One JSON object per line:

```json
{"id": "q06",
 "difficulty": "medium",
 "question": "What was total revenue in Q3 2025?",
 "gold_sql": "SELECT SUM(amount_usd) FROM finance.revenue_recognized WHERE posting_status = 'posted' AND recognized_date BETWEEN DATE '2025-07-01' AND DATE '2025-09-30'",
 "expected_shape": "scalar"}
```

- `difficulty`: `easy` | `medium` | `hard` (20 / 20 / 10 in this set).
- `expected_shape`: `scalar` (single row, single column) or `table`.
- At least 12 questions deliberately hit traps.

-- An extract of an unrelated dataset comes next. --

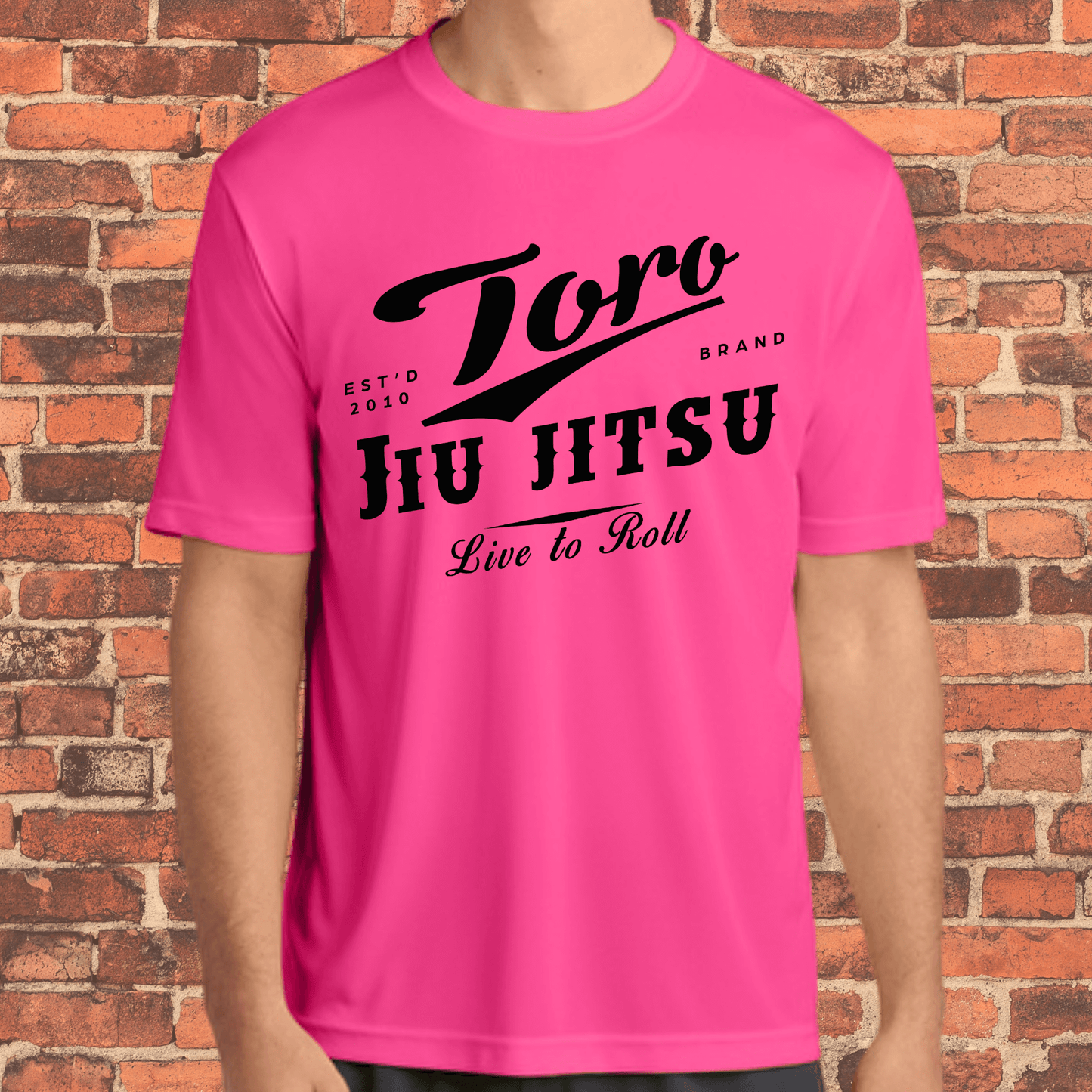 Adult-sized neon pink loose fit rash guard with bold black Toro Jiu Jitsu "Live to Roll" design, worn by a model in front of a brick wall.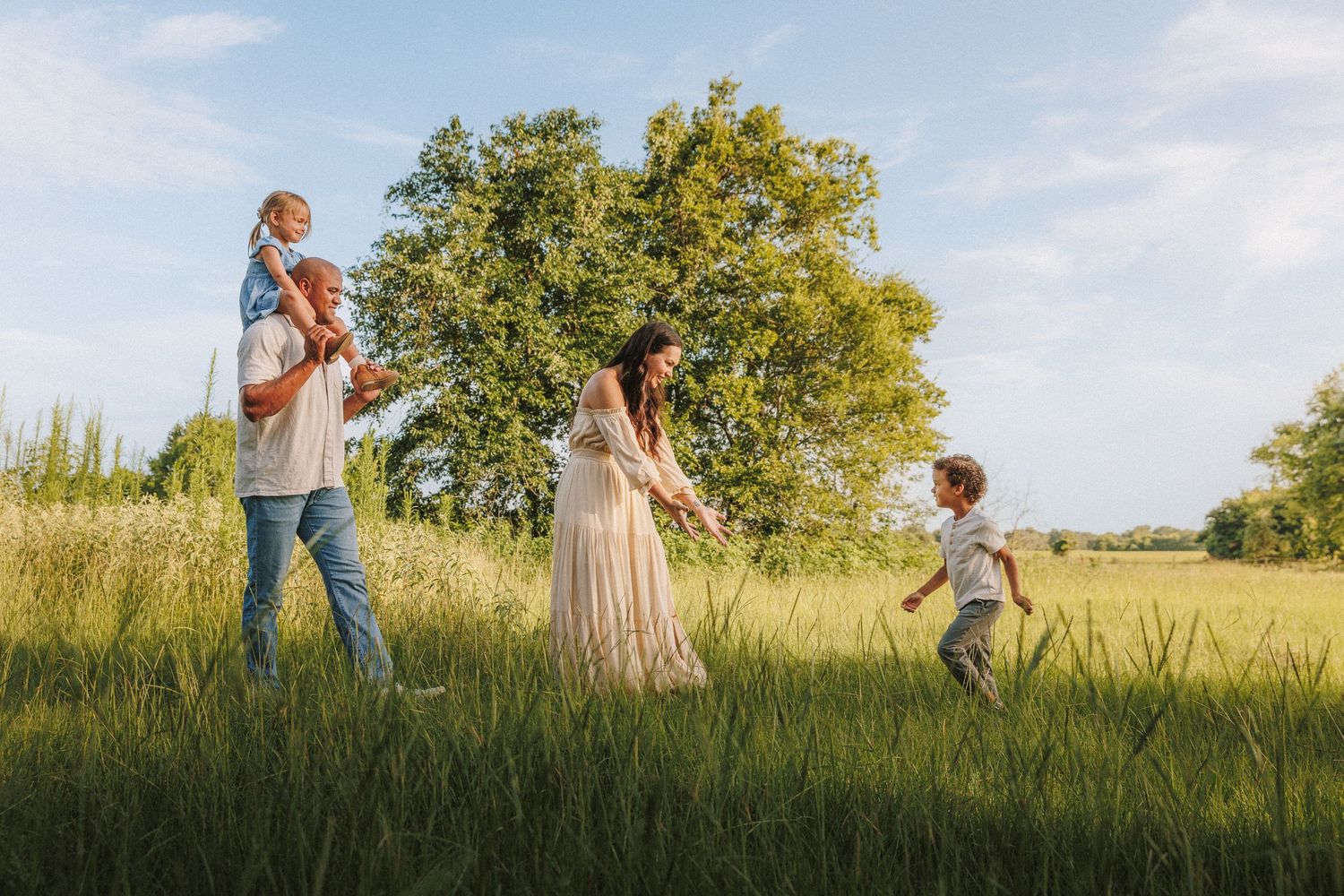 Family running and playing together in a golden sunlit field with tall grass and green trees in the background.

Examples: q06/q07/q16/q40/q46
  resolve "revenue" to `finance.revenue_recognized` with the
  `posting_status = 'posted'` filter (not `sales.rev_billed`, not
  `finance.bookings`); q10 vs q11 force the two active-user definitions
  apart; q12/q14/q47 require the cents→dollars conversion and the USD
  currency filter; q01/q17/q18 separate `sales.customers` from
  `marketing.customers`; q15/q41/q50 hinge on nullable foreign keys; q08
  requires converting local-currency bookings at the daily rate.

Sanity-check the whole set against the schema (every gold query must bind and
execute):

```sh
python - <<'EOF'
import duckdb, json
con = duckdb.connect()
con.execute(open('schema.sql').read())
for line in open('questions.jsonl'):
    q = json.loads(line)
    con.execute(q['gold_sql'])      # raises on any binder error
print('all 50 gold queries bind and execute')
EOF
```

## Ablation table format

Run all five configurations from the lab page against the same 50 questions
and submit `report/ablation.md` containing exactly this table (counts are
failed questions per error class; rows must sum consistently with accuracy):

```markdown
| Config | Components                                   | Exec acc (%) | wrong-join | wrong-metric | halluc-column | stale-table | other | mean LLM calls/q | mean tokens/q |
|--------|----------------------------------------------|--------------|------------|--------------|----------------|-------------|-------|------------------|----------------|
| A0     | no retrieval, no layer, no self-check        |              |            |              |                |             |       |                  |                |
| A1     | retrieval + self-check                       |              |            |              |                |             |       |                  |                |
| A2     | A1 + semantic layer (descriptions + joins)   |              |            |              |                |             |       |                  |                |
| A3     | A2 + anti-patterns                           |              |            |              |                |             |       |                  |                |
| A3-sc  | A3 with self-check disabled                  |              |            |              |                |             |       |                  |                |
```

Conventions the autograder enforces:

- One row per configuration, in the order above; no extra or missing rows.
- `Exec acc (%)` to one decimal place; error-class cells are integer counts
  out of 50, and `acc*50/100 + sum(error cells) = 50` must hold per row.
- `mean LLM calls/q` and `mean tokens/q` come from your
  `runs/<config>/predictions.jsonl` accounting — these feed the
  accuracy-vs-cost Pareto discussion in Checkpoint 3.3.
- Numbers must reproduce via `make reproduce` from your tagged commit on the
  pinned snapshot; rows that do not reproduce score zero.